Когда заговоришь здесь о родине, то услышишь одни закостенелые слова о «них», тогда как дело не в «них», а в «ней». Здесь головы и сердца заполнены не «ею», а только самими собою.
Веялка времени отнесла их далеко назад, из озадков не попадешь в посев. Они чувствуют, знают это — и рост новой жизни им понятен поэтому только со стороны утраты в ней места.
Меня душит эта пыльная мякина, а вы, как лопатой, подбросили ее на ветер и мне стало легче.
Вы дали почувствовать личным своим настроением, которое дается только одухотворенною, живою работой, что воистину недаром, не всуе веруешь. Вот уж пробивается, растет. Спасибо вам».
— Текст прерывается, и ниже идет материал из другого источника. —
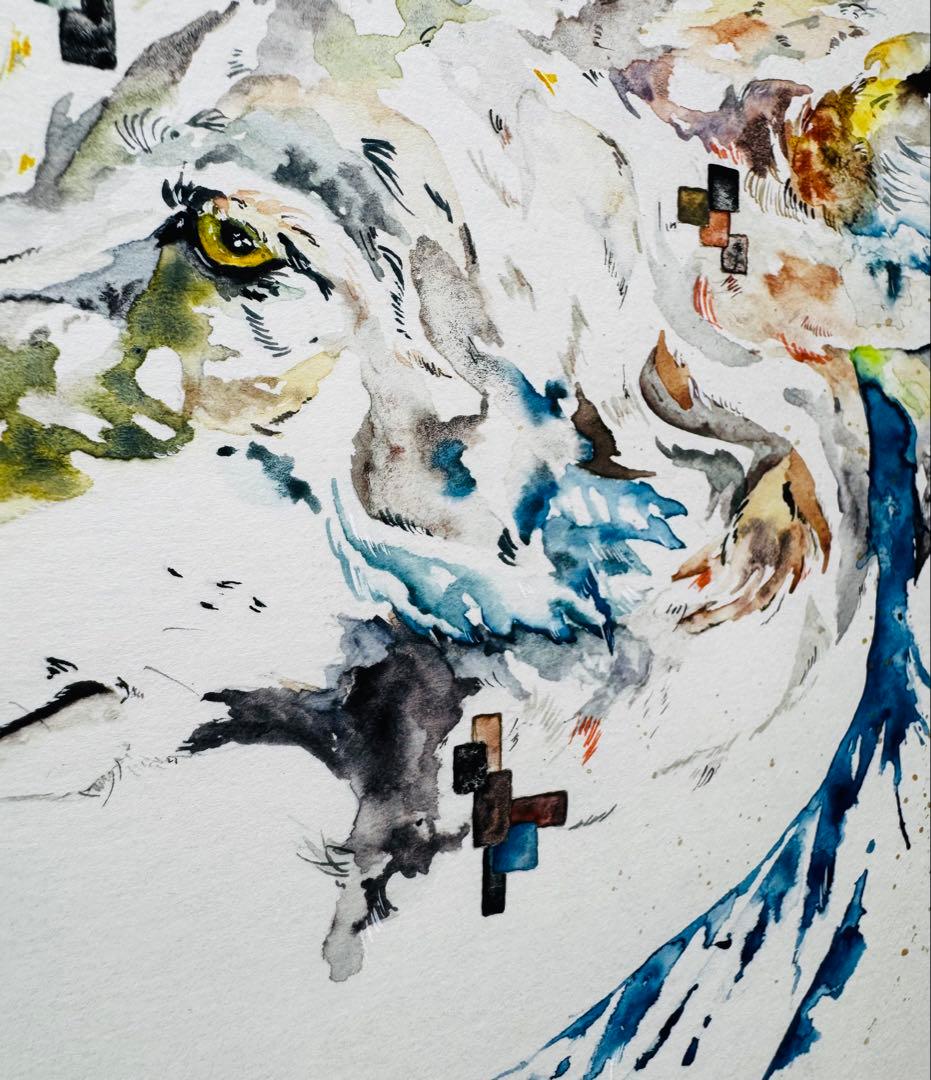 オオカミ 狼 原画 額装済み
Изумительные строки: редкие по силе любви к родине, по душевной красоте, по беззлобию, но, конечно, недальновидные: о каком радостном, погожем дне можно было говорить, хотя бы и в сравнительно благополучном 1923–м году.
В один из следующих дней мы уже с раннего утра приехали в Таврический. Предстояло разрешение самой трудной задачи: поимки вездесущего и всюду отсутствующего товарища Керенского. Половина нашей делегации дежурила на думской стороне дворца, другая — на советской. От нетерпения мы поочередно бегали в «советский» буфет, где было тесно, душно, накурено, но где всех, если не изменяет память, задаром кормили щами и огромными бутербродами. Еды было много, посуды мало, а услужения никакого.
После долгих часов взволнованного ожидания и непрерывного заглядывания во всевозможные фракционные и комиссионные заседания, нам удалось атаковать Керенского не то в коридоре, не то в какой–то проходной комнате, через которую он несся со своею свитою, явно боясь как бы его не остановили и не задержали.
Решительно подойдя к нему, я назвал себя, напомнил о нашей встрече у Я. Л. Сакера и попросил назначить день и час для приема нашей делегации. Поручив кому–то сговориться со мною, Керенский, невольно оберегая висевшую на черной перевязи руку и всем телом подаваясь вперед, заспешил дальше. Ему, очевидно, было очень некогда.
В комнате, куда нас на следующий день ввели, было довольно много народу, все больше солдаты вперемежку с офицерами. Очевидно к назначенному нам часу был приурочен прием и других делегаций. Так оно выходило экономнее в смысле времени и убедительнее в смысле впечатления.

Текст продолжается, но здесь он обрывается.